→ Material to process:
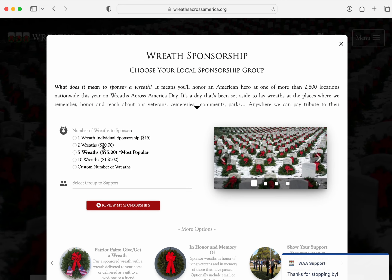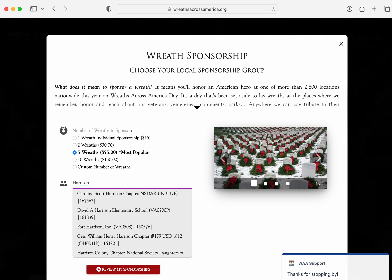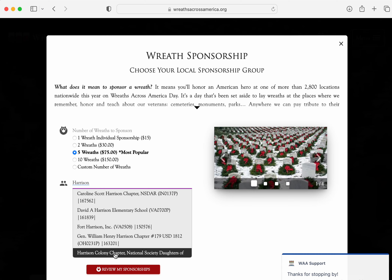Then you can select how many you want to do. And once I start typing, it's going to start searching, but it may take a second. So I typed in Harrison, and boom, there's Harrison Colony Chapter.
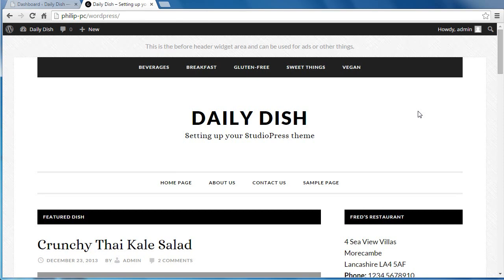Hello. Whenever you set up a WordPress theme, you'll need to set up some miscellaneous settings. The settings we're going to go through in this video are fairly common to StudioPress themes. Most of these settings you'll use on all WordPress themes. I'll show you what I'm talking about.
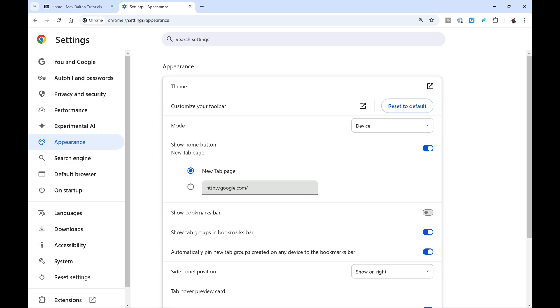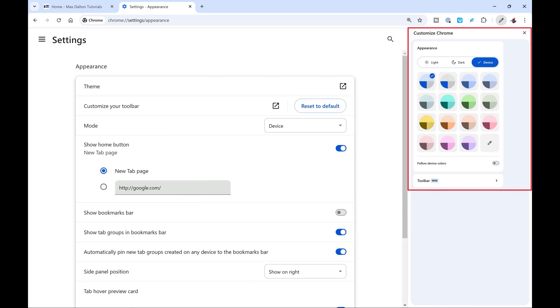Step 4. Find Theme in the Appearance section, and then click the link box next to Theme. A sidebar with Google Chrome theme options opens.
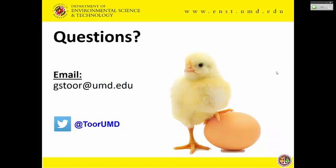If you have any questions, feel free to send me an email. My goal is to get back to you within 48 hours.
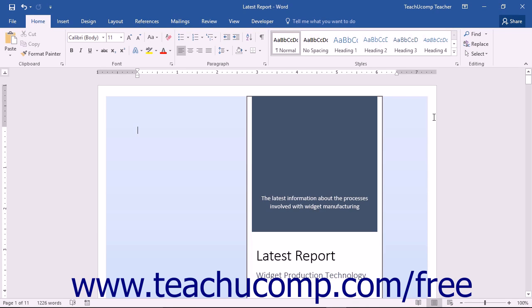This task pane will display errors, warnings, and tips on what may be difficult for someone to read who may have a disability. To run the Accessibility Checker,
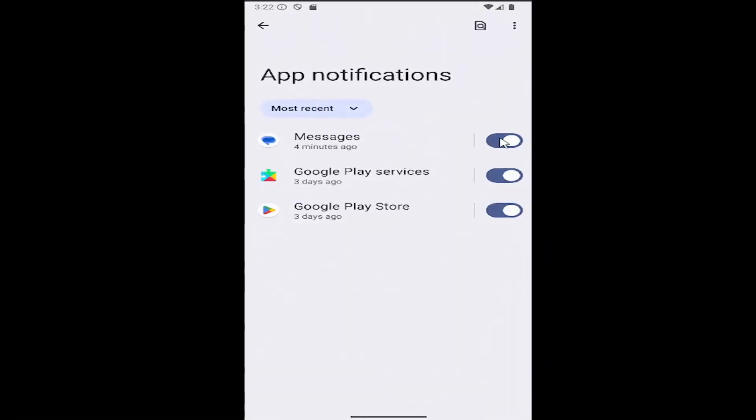And then at this point, you can toggle any of these apps on or off depending on your preference. So if it's toggled to the right and it's lit up blue, it means it's turned on. Otherwise, if it's to the left, like you see right here, it means it's disabled.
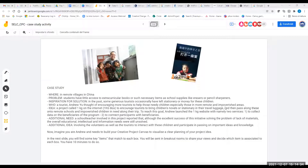I prepared a case study, which is a real case study — it's not an invented story. This is One Kilo Box. I don't know if you know this story, but this is a true story of Andrew Yu.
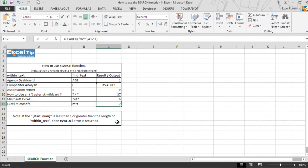So this is how we can use search function in different ways in MS Excel. We hope you found this lesson informative. We shall meet again in our next lesson. Till then happy learning and have a nice day.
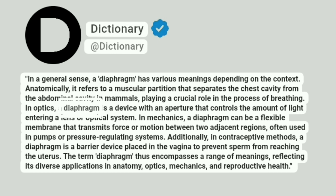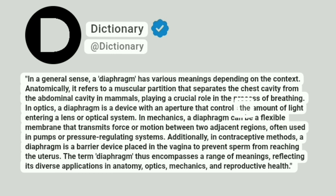In optics, a diaphragm is a device with an aperture that controls the amount of light entering a lens or optical system.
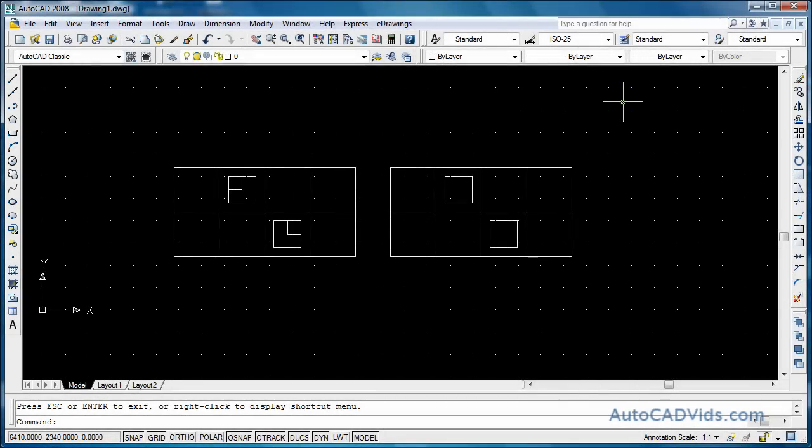Welcome everyone to the fourth tutorial in the AutoCAD Elite AutoCAD Secrets series. This tutorial is on dimensions.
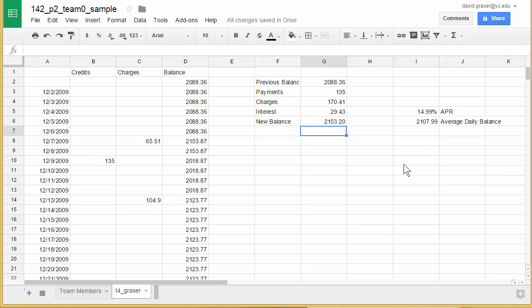Each one of you on your team is going to need to do a sheet like this, but remember everyone does the same credit while each of you does one or two different purchases from the list in the project letter. After you've all done that and I've graded it, you'll come together as a team, pick one of these sheets, and add all of your charges to it. With the way we've set it up, all you have to do is list the charges and everything should automatically update, making it really easy to combine the information together.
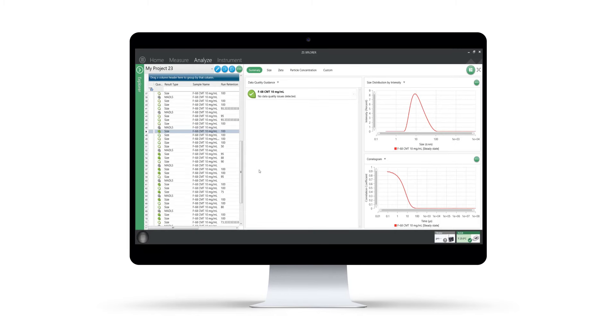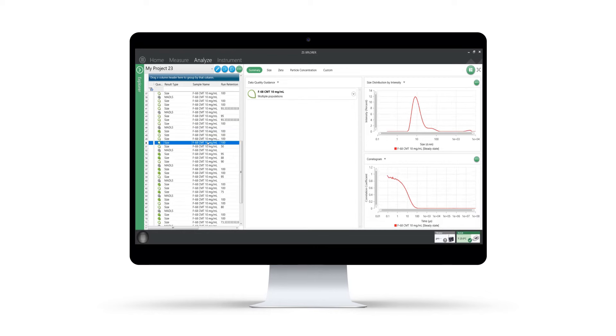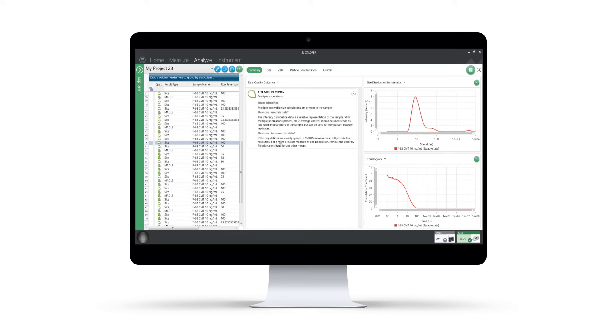The ZS Explorer software also employs an artificial intelligence-led approach to data quality assessment, which helps you get the best possible results from your sample. It subtly brings your attention to any potential measurement issues and provides clear guidance on how they might be improved.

→ Task prompt:
Could you repeat every record exactly as written, with the pictures left out?

→ Answer:
Then you can select how many you want to do. And once I start typing, it's going to start searching, but it may take a second. So I typed in Harrison, and boom, there's Harrison Colony Chapter.
Hello. Whenever you set up a WordPress theme, you'll need to set up some miscellaneous settings. The settings we're going to go through in this video are fairly common to StudioPress themes. Most of these settings you'll use on all WordPress themes. I'll show you what I'm talking about.
Step 4. Find Theme in the Appearance section, and then click the link box next to Theme. A sidebar with Google Chrome theme options opens.
If you have any questions, feel free to send me an email. My goal is to get back to you within 48 hours.
This task pane will display errors, warnings, and tips on what may be difficult for someone to read who may have a disability. To run the Accessibility Checker,
And then at this point, you can toggle any of these apps on or off depending on your preference. So if it's toggled to the right and it's lit up blue, it means it's turned on. Otherwise, if it's to the left, like you see right here, it means it's disabled.
I prepared a case study, which is a real case study — it's not an invented story. This is One Kilo Box. I don't know if you know this story, but this is a true story of Andrew Yu.
So this is how we can use search function in different ways in MS Excel. We hope you found this lesson informative. We shall meet again in our next lesson. Till then happy learning and have a nice day.
In optics, a diaphragm is a device with an aperture that controls the amount of light entering a lens or optical system.
Welcome everyone to the fourth tutorial in the AutoCAD Elite AutoCAD Secrets series. This tutorial is on dimensions.
Each one of you on your team is going to need to do a sheet like this, but remember everyone does the same credit while each of you does one or two different purchases from the list in the project letter. After you've all done that and I've graded it, you'll come together as a team, pick one of these sheets, and add all of your charges to it. With the way we've set it up, all you have to do is list the charges and everything should automatically update, making it really easy to combine the information together.
The ZS Explorer software also employs an artificial intelligence-led approach to data quality assessment, which helps you get the best possible results from your sample. It subtly brings your attention to any potential measurement issues and provides clear guidance on how they might be improved.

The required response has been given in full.